Kyle Smith

Kyle Smith

US News

Behold: The Hillary Rodham Clinton children’s book

LeUyen Pham
‘This whole thing is the biggest fairy tale I’ve ever seen,’ Bill Clinton said of Barack Obama in 2008. In 2016, maybe it’s time for a fairy tale about Hillary Clinton.

Wait no longer.

The children’s book “Hillary Rodham Clinton: Some Girls Are Born to Lead” by Michelle Markel and illustrated by LeUyen Pham, is dedicated to implanting the proper Hillary attitudes in the minds of the next generation. Aimed at ages 4 to 8, is meant to instill in girls a thrilling sense of gender pride, even if the book (like Hillary’s campaign) has a difficult time identifying anything she has actually accomplished, other than giving speeches and being in the proximity of famous men.

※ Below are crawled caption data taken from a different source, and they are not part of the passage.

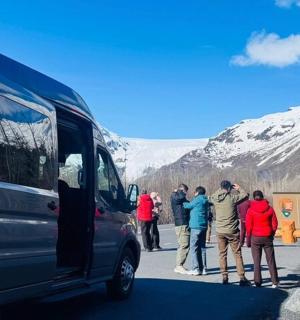 a group of people standing outside of a van
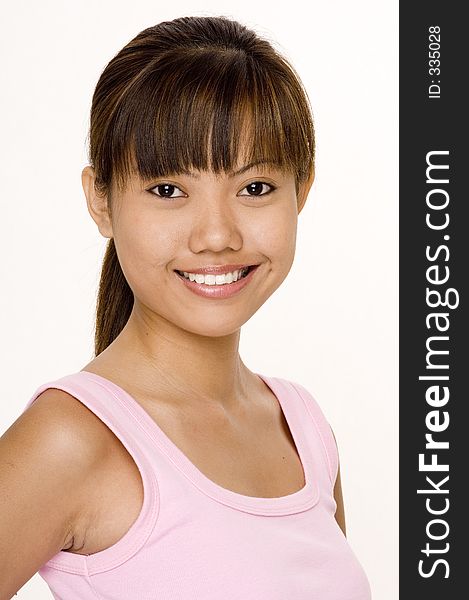 A cute young asian woman in a pink top on white. A cute young asian woman in a pink top on white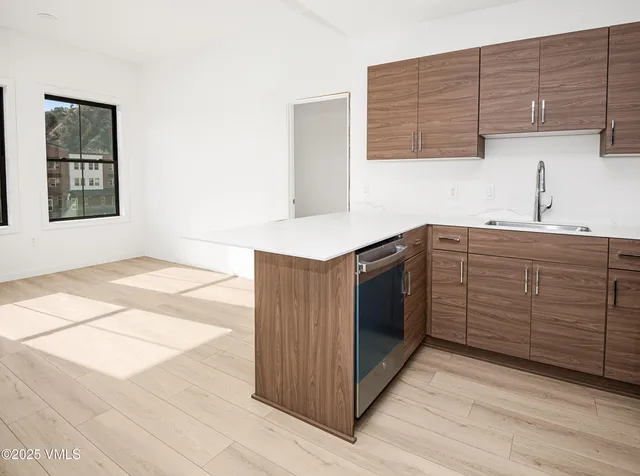 a kitchen with stainless steel appliances kitchen island wooden cabinets a sink and a stove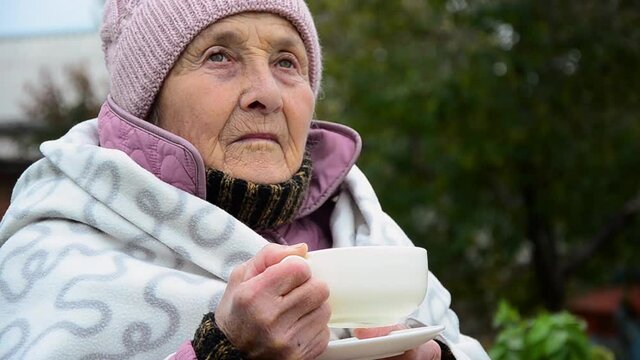 Old grandmother with a cup of tea in cold weather. An old woman is drinking hot tea, covered with a blanket. An old grandmother walks with tea in cold weather. The concept of comfort and family care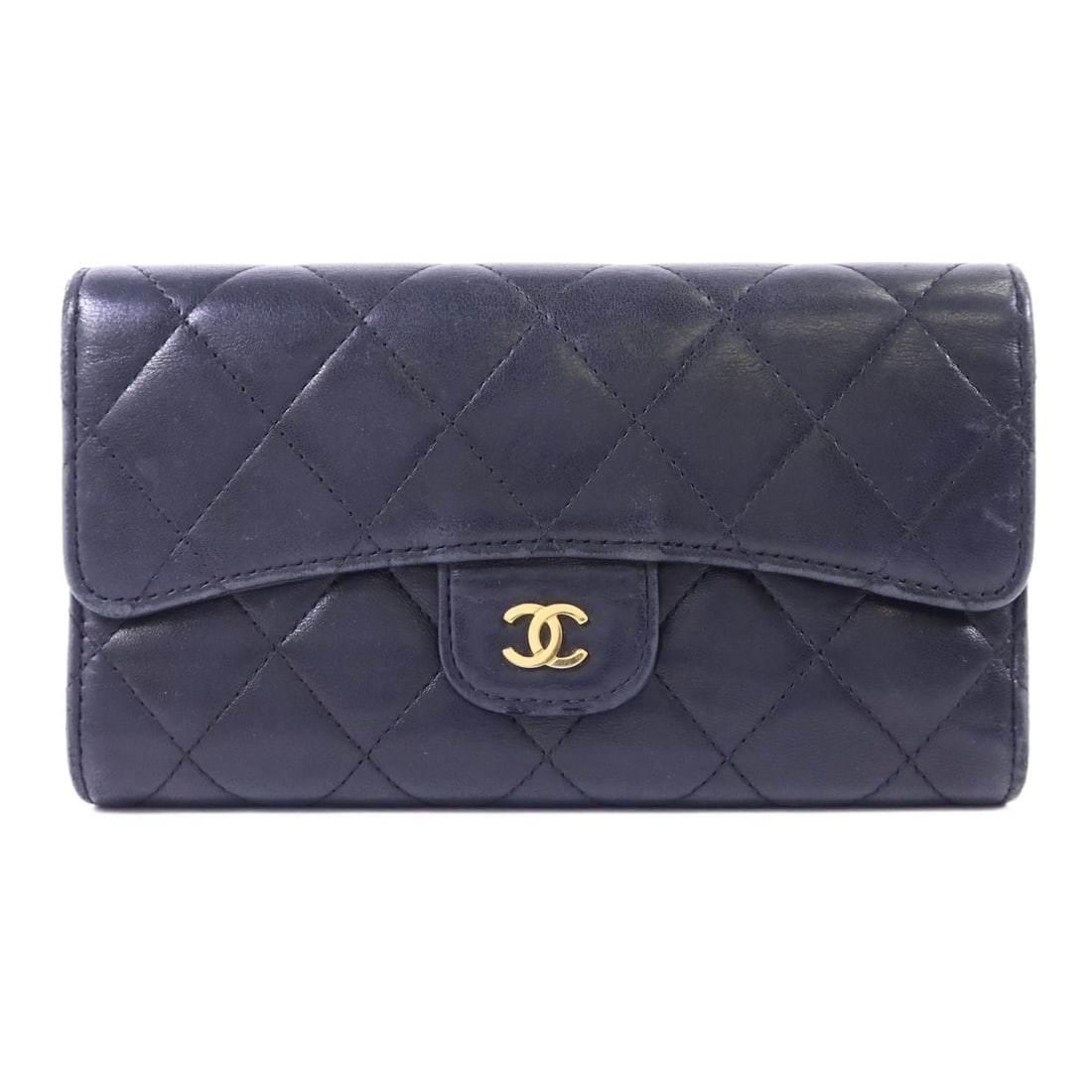 Black Lambskin Tri-Fold Long Wallet by CHANEL with Gold Hardware: Black Lambskin Tri-Fold Long Wallet by CHANEL with Gold Hardware This CHANEL tri-fold long wallet is crafted from black lambskin leather, offering a luxurious feel and classic style. The wallet featur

“Hillary Rodham Clinton: Some Girls Are Born to Lead” By Michelle Markel, illustrated by LeUyen Pham (Harper Collins)

Instead, the book focuses on who Hillary is. That identify can be summed up in two closely intertwined words: female and victim. Forever join them in your minds, girls!

On page one, we’re informed that “in the 1950s, it was a man’s world” and that girls “weren’t supposed to act smart, tough or ambitious.” Little Hillary, looking spunky in a bright-red dress, is set off against a gray and brown array of celebrated men of the time, including Nat King Cole and Jackie Robinson. “Only boys had no ceilings on their dreams,” go the harrumphing words.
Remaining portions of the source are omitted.